Marie-Anne s'habituait à la cadence lente de la bête aux harnais luisants.
Elle pouvait voir le dos de la jument ondulant régulièrement à l'allure du pas, le poil rosissant par endroits aux lueurs du soleil couchant.
Assis à côté d'elle, dans le tonneau étroit, le vieux curé avait cessé de parler depuis un moment. Il tenait à peine les rênes et semblait perdu dans un rêverie vague.
Fâché ?
Malgré la fatigue du voyage, Marie-Anne se dit que c'était peut-être à elle de faire la conversation (...).
par Patrick Galmel, le 1er mars 2006
Marie-Anne arrive de Paris, diplômes en poche et grands principes en bandoulière. Elle vient tenir la classe de l'école "libre" de Nomville au cœur du bocage normand. Bien vite elle se trouve confrontée à un élément qu'elle n'avait pas pris en compte : la culture de l'alcool, la place de la goutte, du calva, dans la vie quotidienne des habitants du coin, fussent-ils des enfants.
Pierrot, lui, rentre d'Algérie. Extrait de sa ferme le temps des "évènements", il y revient avec des idées neuves et des ambitions, notamment en ce qui concerne l'écoulement des litres de gnôle qui coulent de l'alambic familial, voire de celui des voisins...
L'alcool est bien sûr au centre de ce roman de Jean Amila, on l'aura compris à son titre. Mais derrière les aventures de la jeune institutrice Marie-Anne et du jeune loup Pierrot, derrière l'éclairage posé sur l'organisation des trafics, les luttes d'influence, les compromissions, les alliances en matière d'écoulement d'alcool frauduleux, derrière la démonstration de la place prépondérante de la goutte dans la culture normande – et quelle place ! – se cache, m'a-t-il semblé, un autre sujet.
Ce roman, écrit en 1962, est aussi celui qui retranscrit le profond bouleversement des valeurs qui secoue la France et la société occidentale à cette époque. C'est le récit d'une jeunesse qui tend à l'émancipation, forte de ses espoirs, de ses envies, de ses ambitions, et se confronte au vieux monde en place qui n'est pas prêt à lui céder un pouce de terrain.
Qu'on l'interprète comme tel ou non, reste de toute façon un écriture limpide, une galerie de personnages d'une consistance palpable. Jean Amila n'est pas de ceux qui se cachent derrière une intrigue tortueuse pour construire leur propos. Il est de ces témoins qui racontent, avec des mots simples et justes, sans vouloir tordre la réalité pour la faire coïncider avec leur discours. Il met en scène, tout simplement, la vérité.
Quelques pistes à explorer, ou pas...
Jean Amila a écrit de nombreuses œuvres qui sont pourtant méconnues. Faites comme moi : rattrappez le temps perdu et partez en exploration au cœur de ses romans. Il n'est jamais trop tard pour bien faire.
Bibliographie non exhaustive... Seuls sont indiqués ici les ouvrages chroniqués sur le site.
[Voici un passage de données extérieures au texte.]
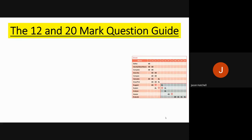Hello there. This is a recorded session for you on the 12 and 20 mark questions in your A-level geography exam and how you approach them every time to gain maximum marks using the content and knowledge you have. On the right hand side there is a little grid that shows you what types of questions and how many marks those questions are worth that you can be asked in your A-level exam.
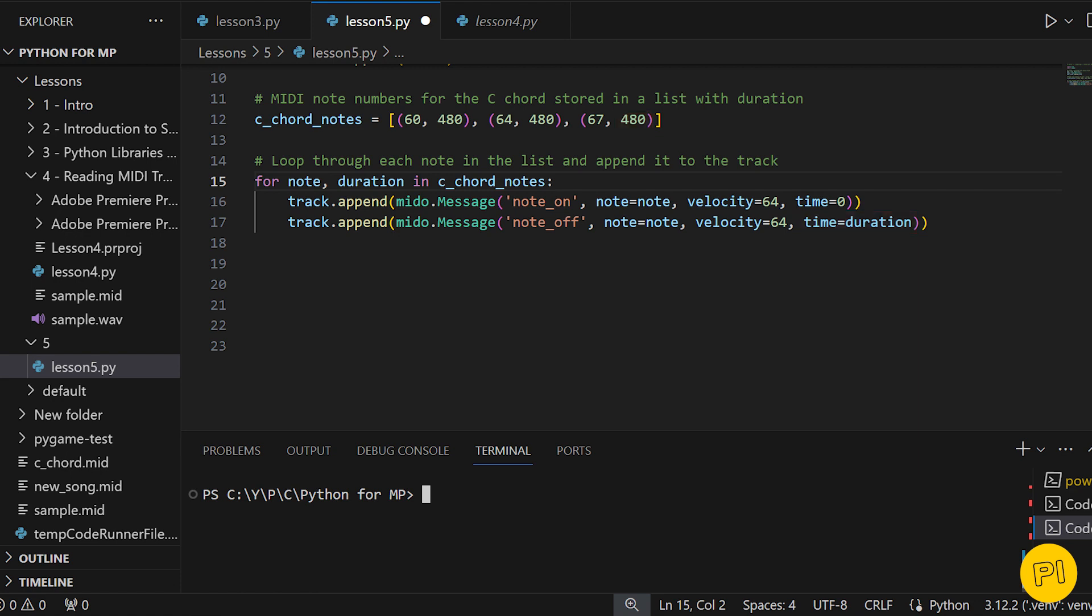Important note here. The velocity, or the volume, needs to be between 1 and 127. After appending all the notes, we save our MIDI file. This file is now a digital representation of our C major chord sequence.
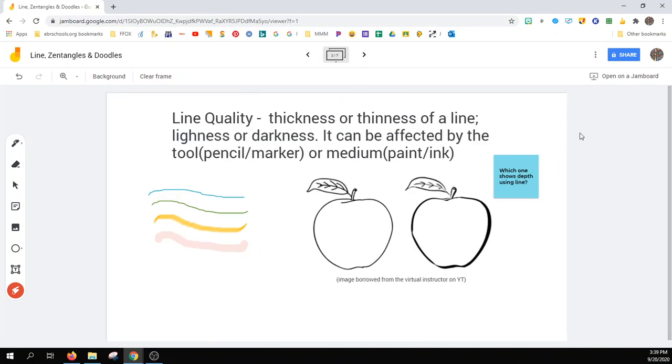Line quality is the thickness or thinness of a line, lightness or darkness. It can be affected by the tool, your pencil or marker, or medium, paint or ink.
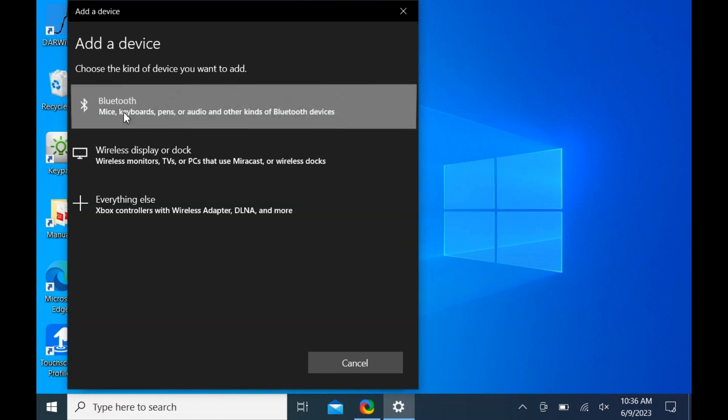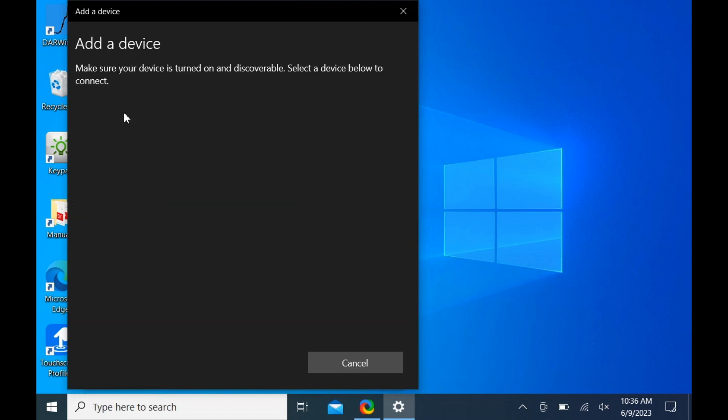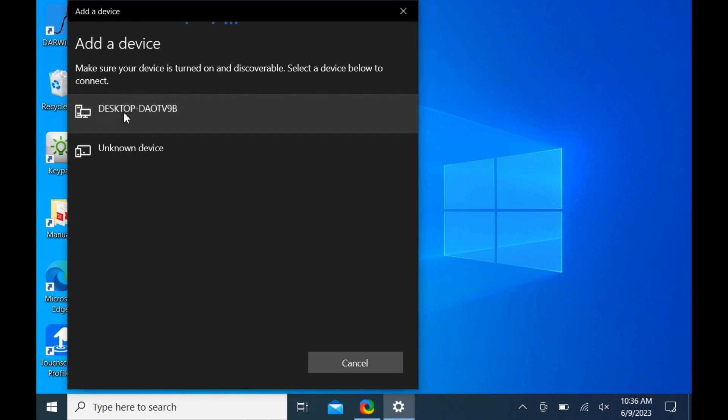Click Bluetooth. Then click the Spectral Evolution instrument you are trying to connect to.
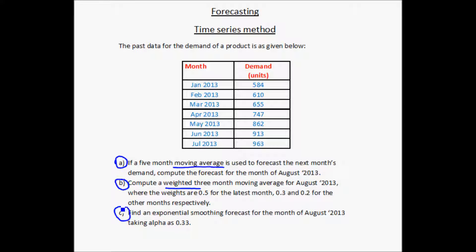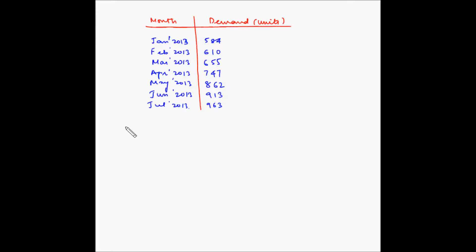Part C is to find an exponential smoothing forecast for the month of August 2013, taking alpha as 0.33. So we need to find the forecast for August using three time series methods: simple moving average, weighted moving average, and exponential smoothing. Let us first find out the simple moving average.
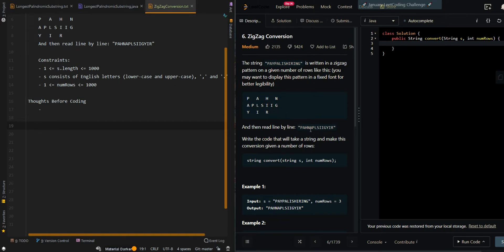We're trying to concatenate them together by rows. We have P-A-H-N, which is the first row, then A-P-L-S-I-I-G which is the next row, and then the last row is Y-I-R, the last three characters.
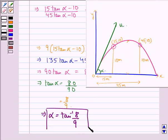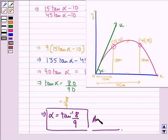So the angle of projection alpha equals tan inverse of 8 upon 9 — that is what we were required to find. I hope you understood the solution and enjoyed the session. Have a good day.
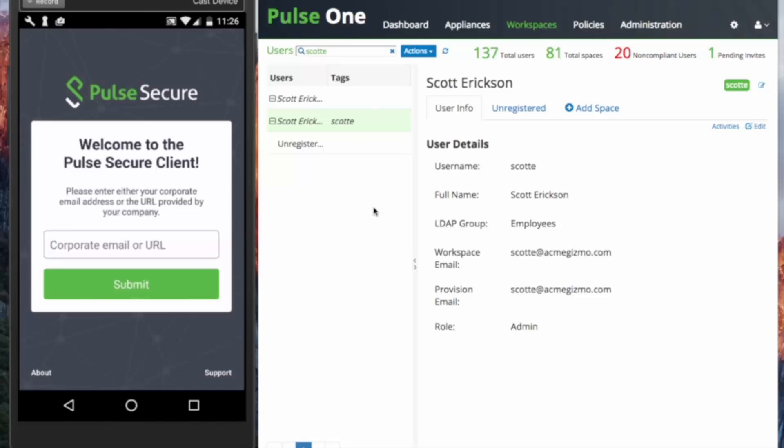Hi, Scott Erickson, Technical Marketing for Pulse Secure. In our last video, we looked in-depth at the SSO and email discovery options for device provisioning on PWS. Today, we will explore the other options for end-user provisioning.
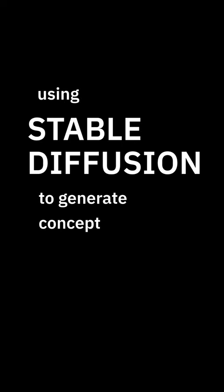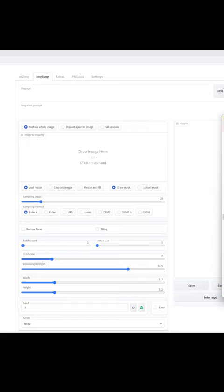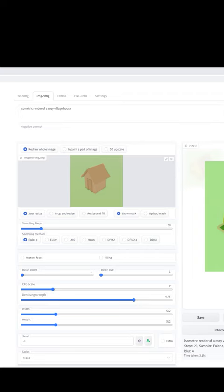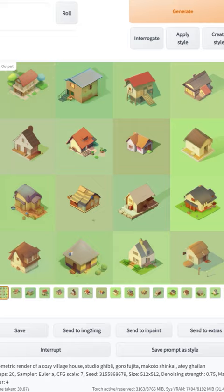Using Stable Diffusion to generate concept art for my game. Here's my house render — let's use Stable Diffusion image-to-image. Drop in the house render and try a prompt: 'isometric render of a cozy village house.' Nice. But what if I want a more specific style? How about anime? Impressive — but wait, the game isn't anime.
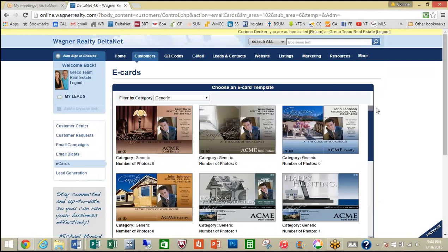As you can see, these are very flexible, well-designed, and interactive e-cards to engage your customers. I would encourage you to get in here, get familiar, and use these going forward. Thank you so much.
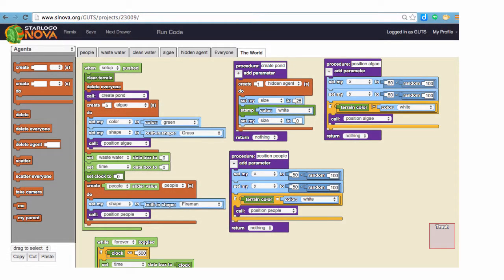A computer instruction is a simple command given to a computer in a computer language. In StarLogoNova, instructions and commands are blocks that produce an action. They are sort of like the verb in a sentence.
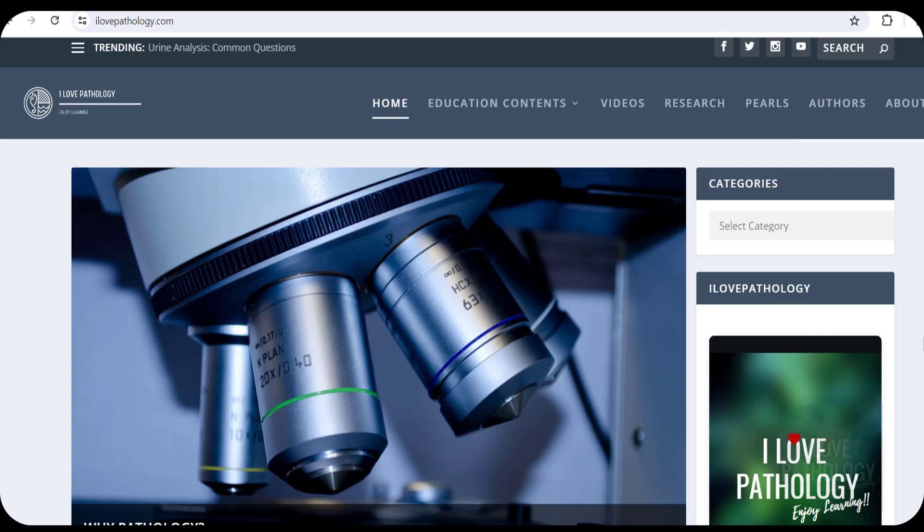Hi everyone. Welcome back to this short tutorial from Pathology Made Simple at iLowPathology.com. Before we begin, let me wish you all a very happy new year.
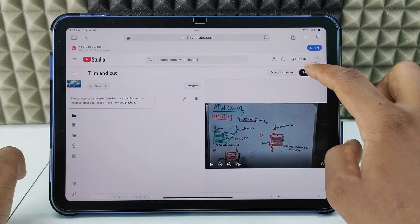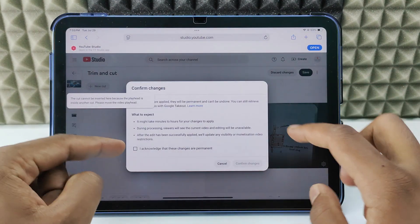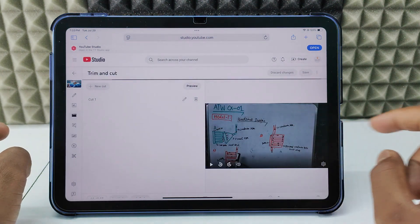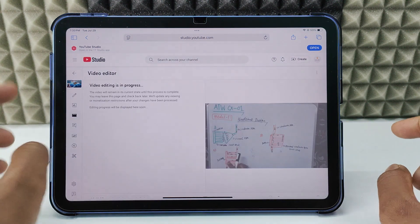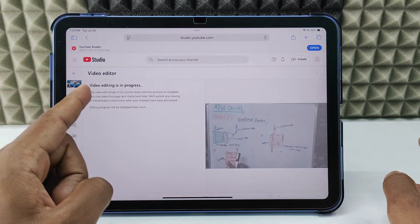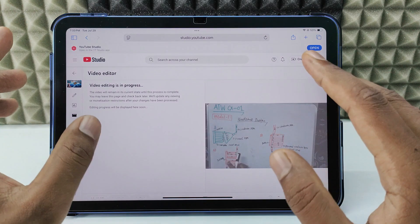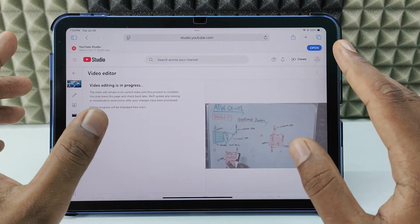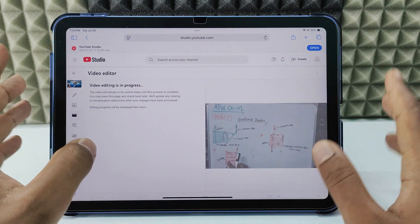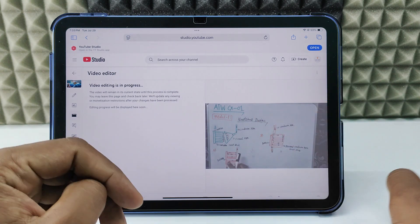Now just click 'Save,' then click 'Acknowledge' and 'Confirm Changes.' That's it — it's done. Video editing is in process. After one or two hours maximum, it will update automatically.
Vous pouvez, vous aussi, entamer ou poursuivre la discusion...
Par Harry, le 30 Novembre 2008
Du 5 étoiles sans aucun doute.(le chef veut pas plus !!! sinon).
J'ai lu ce bouquin il y a quelque temps déjà mais quel souvenir.
Une jolie balade chez les bouilleurs de crus normand, qui ont des us et coutumes tenaces, pour cette jeune institutrice parisienne.
Comme souvent Amila nous dépeint une époque, des gens avec humour,tendresse et cruauté.
Et que dire de la fin, rien surtout, alors chut... et bonne lecture.
Par Sophie, le 22 Novembre 2008
Voilà un moment que je n'avais pas lu de Amila, comme toutes les valeurs sûres, je les égrène lentement pour toujours en garder sous le coude pour les jours de creux.
Amila c'est comme Simenon, Benacquista, Thompson et quelques autres... c'est pas long, ça ne se prend pas au sérieux, mais ça t'agrippe dès la première page jusqu'à la dernière, et ça te raconte vraiment quelque chose : une histoire, avec des gens, des vrais gens qui semblent palpables rien qu'à les lire.
Amila et sa Normandie, dans La Lune d'Omaha déjà c'était tout un poème, avec le cimetière militaire et les paysans haineux de l'étranger.
Ici, on est en plein trafic de goutte, de gniaule, d'eau de vie, de "poison", appelez ça comme vous voulez.
Marie-Anne, la jeune institutrice, elle, elle trouve que c'est du poison. Elle veut les sauver tous ces gens, ses élèves en particulier, gamines qui partent à l'école avec dans leur casse croûte un biberon d'eau de vie.
Elle veut aider le curé, son cousin, tout le monde. Leur faire prendre conscience qu'ils sont esclaves de leur malheureuse goutte qu'ils attaquent dès le premier bol du petit déjeuner.
Marie-Anne, c'est Don Quichotte en jupons perdu dans la campagne.
Il y a aussi Pierrot Soulage, qui trafique, dont le père trafique, dont le grand-père trafiquait, bref... héritier d'une bonne lignée.
De toute façon, il semble que dans ce bled, tout le monde trafique.
Tous ligués contre la loi, et pour le droit à la tétée de goutte dix fois par jour.
Tous solidaires, paysans contre costumes de la ville, gens du terroir contre fonctionnaires fainéants.
C'est tout un monde qu'Amila pose dans ce roman, un monde qui a des couleurs, des odeurs, une saveur drôlement fortes. Tellement fortes qu'on les sent là avec soi quand on lit, on s'y plonge jusqu'au cou, on s'immerge.
C'est passionnant.
Si ce n'est déjà fait, lisez Amila.
Par Geof, le 8 Octobre 2007
Présenté comme le pendant français de Fantasia chez les Ploucs par la quatrième de couv', je trouve que si le sujet est le même, la différence de ton est flagrante. Jean Amila n'a pas forcé le trait de l'humour comme Charles Williams.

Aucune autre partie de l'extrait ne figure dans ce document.